[[ DATA PROVIDED open ]]

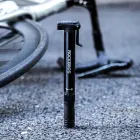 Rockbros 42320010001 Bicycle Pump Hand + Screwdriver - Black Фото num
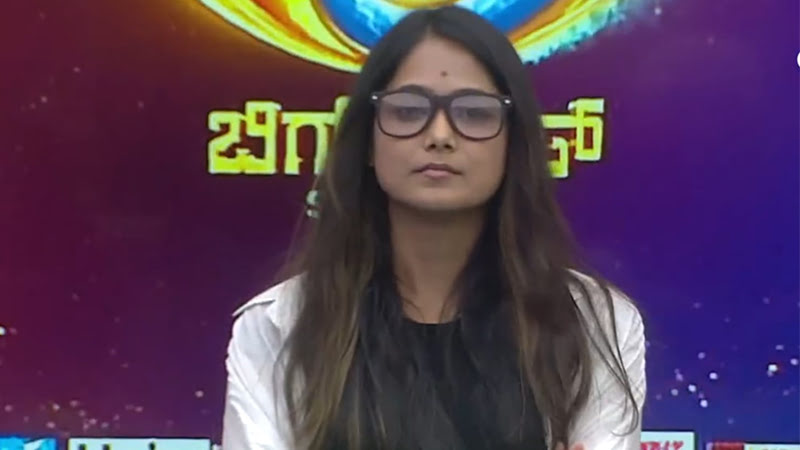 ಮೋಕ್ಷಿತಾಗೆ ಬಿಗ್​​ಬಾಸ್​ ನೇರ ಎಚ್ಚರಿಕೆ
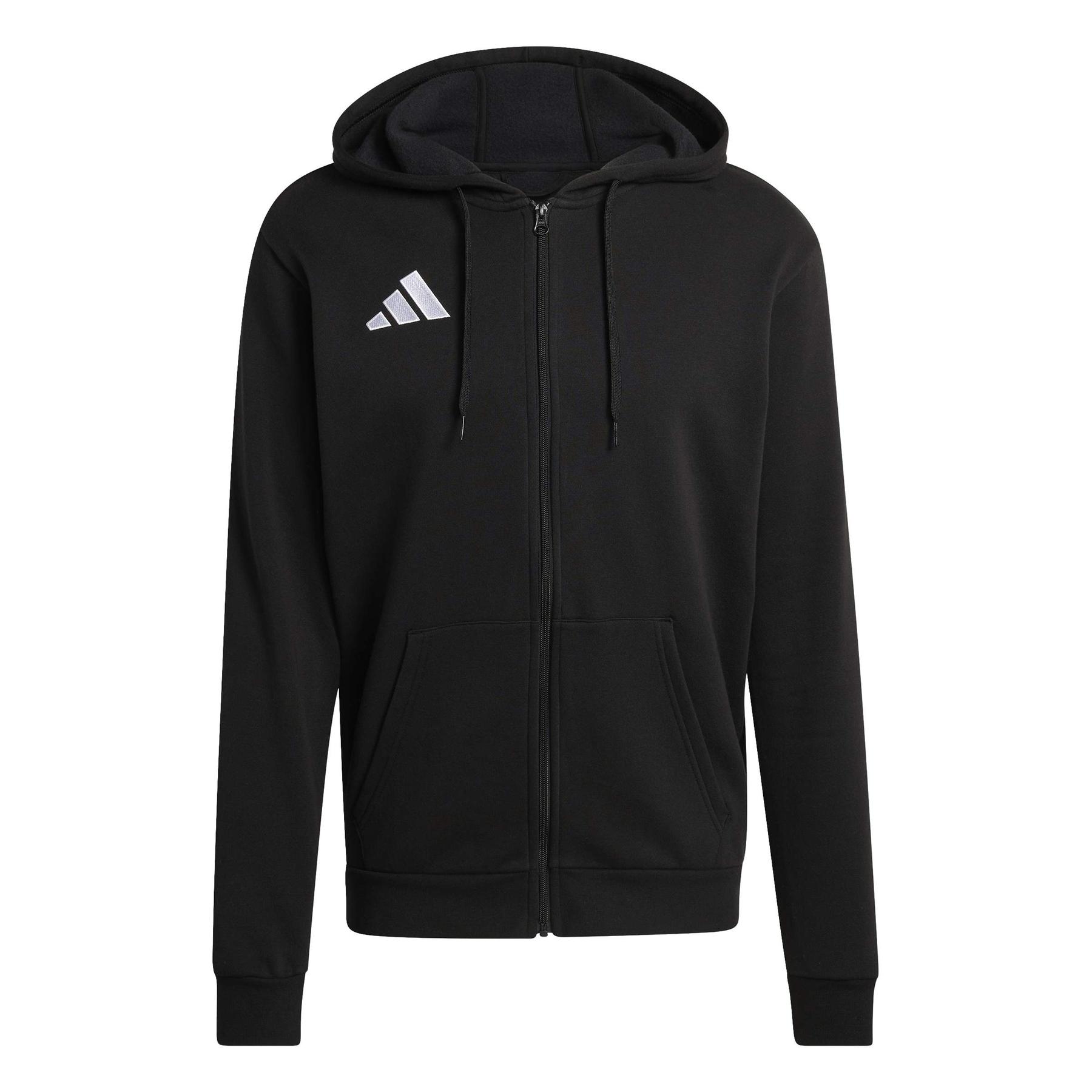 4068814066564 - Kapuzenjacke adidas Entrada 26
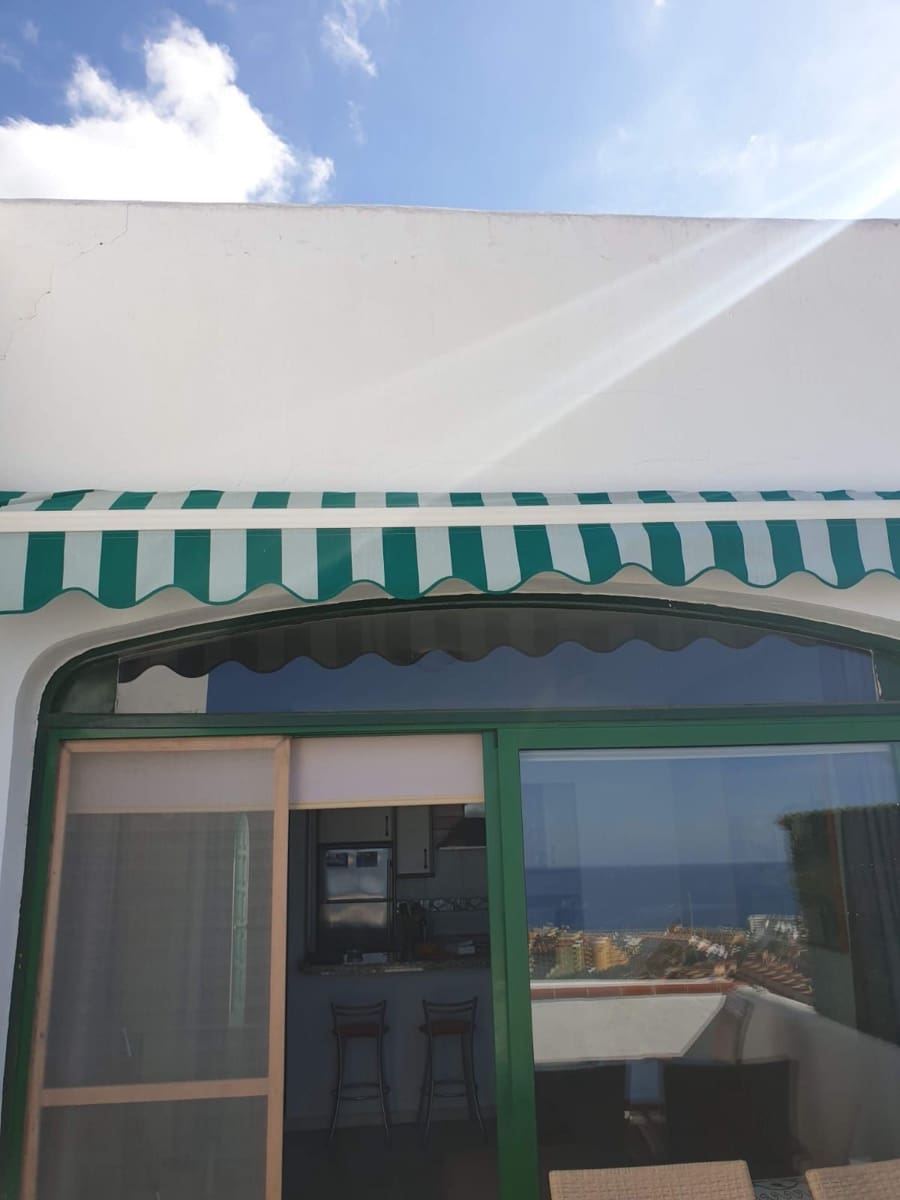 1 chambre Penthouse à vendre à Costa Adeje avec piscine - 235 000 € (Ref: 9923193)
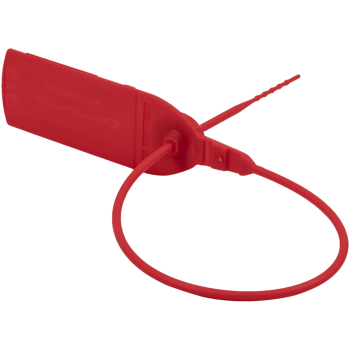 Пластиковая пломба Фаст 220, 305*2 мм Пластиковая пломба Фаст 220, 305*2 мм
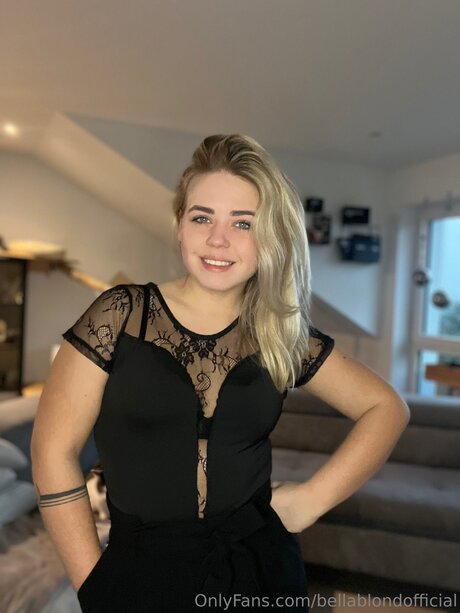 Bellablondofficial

[[ DATA PROVIDED closed ]]

Each record must be quoted in full and exactly. Do not include the pictures.

**RESULT OF THE EXERCISE**
 Rockbros 42320010001 Bicycle Pump Hand + Screwdriver - Black Фото num
 ಮೋಕ್ಷಿತಾಗೆ ಬಿಗ್​​ಬಾಸ್​ ನೇರ ಎಚ್ಚರಿಕೆ
 4068814066564 - Kapuzenjacke adidas Entrada 26
 1 chambre Penthouse à vendre à Costa Adeje avec piscine - 235 000 € (Ref: 9923193)
 Пластиковая пломба Фаст 220, 305*2 мм Пластиковая пломба Фаст 220, 305*2 мм
 Bellablondofficial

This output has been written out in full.